One of the first and scariest things you learn about purchasing and flipping short sale properties is to be weary of lenders with seasoning requirements. Everyone knows that FHA and VA lenders do have seasoning requirements and will not fund an end-buyers loan unless the seller has been on title for at least 90 days. But what about conventional lenders?

From my experience, I don't believe many conventional lenders do have seasoning requirements. As long as their appraisal is equal to or above their end-buyer's purchase price and all the docs are in order, they'll go ahead and fund the loan. While I'm sure there are some conventional lenders that follow FHA guidelines and have seasoning requirements, it would seem that most do not. However, I'd recommend that you ALWAYS BE PROACTIVE in calling lenders who are funding your end-buyers to make sure. Ask to talk to an underwriter, not a loan officer and be completely straight-up with them about what you do.

Fiduciary Responsibilty of Realtors in a Short Sale
I think there are a few different points of view regarding this topic. Some people say that realtors have a fiduciary responsibility to present the highest and best offer to lenders. Others say that their responsibility solely lies with the homeowner and it is the homeowner who decides which offers are submitted.
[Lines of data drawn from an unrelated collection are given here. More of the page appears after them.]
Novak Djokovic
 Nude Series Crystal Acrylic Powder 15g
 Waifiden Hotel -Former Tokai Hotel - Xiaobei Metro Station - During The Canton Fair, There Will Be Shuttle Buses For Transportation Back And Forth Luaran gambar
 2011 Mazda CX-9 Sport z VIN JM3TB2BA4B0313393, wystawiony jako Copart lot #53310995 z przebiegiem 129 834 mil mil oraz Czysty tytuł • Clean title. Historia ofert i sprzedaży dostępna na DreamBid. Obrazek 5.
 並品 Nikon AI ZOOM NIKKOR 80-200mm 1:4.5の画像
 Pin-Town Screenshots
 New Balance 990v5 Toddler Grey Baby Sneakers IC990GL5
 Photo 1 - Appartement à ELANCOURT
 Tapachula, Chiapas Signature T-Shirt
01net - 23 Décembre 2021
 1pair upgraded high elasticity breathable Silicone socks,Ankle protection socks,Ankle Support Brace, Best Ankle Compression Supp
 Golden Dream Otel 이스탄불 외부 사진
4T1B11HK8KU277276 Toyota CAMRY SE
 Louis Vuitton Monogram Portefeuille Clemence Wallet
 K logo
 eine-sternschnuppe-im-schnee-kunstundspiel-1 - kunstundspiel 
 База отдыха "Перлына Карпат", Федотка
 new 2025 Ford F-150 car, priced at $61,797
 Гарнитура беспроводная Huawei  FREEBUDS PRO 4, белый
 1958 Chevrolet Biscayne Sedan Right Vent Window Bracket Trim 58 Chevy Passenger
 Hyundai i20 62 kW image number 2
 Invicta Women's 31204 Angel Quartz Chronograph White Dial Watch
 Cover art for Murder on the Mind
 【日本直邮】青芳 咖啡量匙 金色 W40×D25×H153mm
Either way, to answer this question you have to understand the different dynamics and party relationships that take place in a short sale transaction.

When an investor records the Notice/Memo of Option Contract at the county courthouse, the investor establishes equitable interest in the property to market and list the property for sale. Any offers submitted on the property can be accepted by the investor at his/her discretion. These offers are not intended to buy the house from the homeowner, but to buy the house from you the investor. There is no fiduciary responsibility in this regard since the investor is acting as the owner.

The most common time fidiciary responsibility rears its head is when talking with more savvy realtors/brokers and attorneys in regards to tax implications. This is because the debt forgiven in a short sale is reported as taxable income for the homeowner. However, there are many ways to get this income discharged (see "Mortgage Debt Relief Act" post on this blog). Taxes are important, but the principal and most urgent need of distressed homeowners is to avoid foreclosure. Sometimes you have to remind these realtors of this point and pursue the most efficient and effective action to achieve this result (which is an investor getting the process started immediately and purchasing the property).

Using Bird-dogs to Grow your Business
I have recently taken on a bird-dog (although I refer to him as an assistant) and my business is moving on to the next level. It's just a matter of time before all the new leads, realtors and other sources of information I now have in front of me everyday start to materialize into real deals. In exchange for teaching him about the business, he's saving me all kinds of time and freeing me up to concentrate on more revenue-producing activities. Win-win for both of us and something I recommend you implement in your business if you want to get to the next level.

Offer Too High to be a Short Sale
What if you're offer on the property is higher than the 1st loan balance? Will the lender still consider it a short sale? Chances are no. But then how do you proceed? The easiest answer seems to be to lower your offer to a point in which the first lender is shorted. Seems a bit strange and counter-intuitive from the lender's point of view, but who said lenders make the best financial decisions. They are simply trying to liquidate the property and satisfy their delegated authority requirements. Sometimes lowering your offer to meet these guidelines does just that.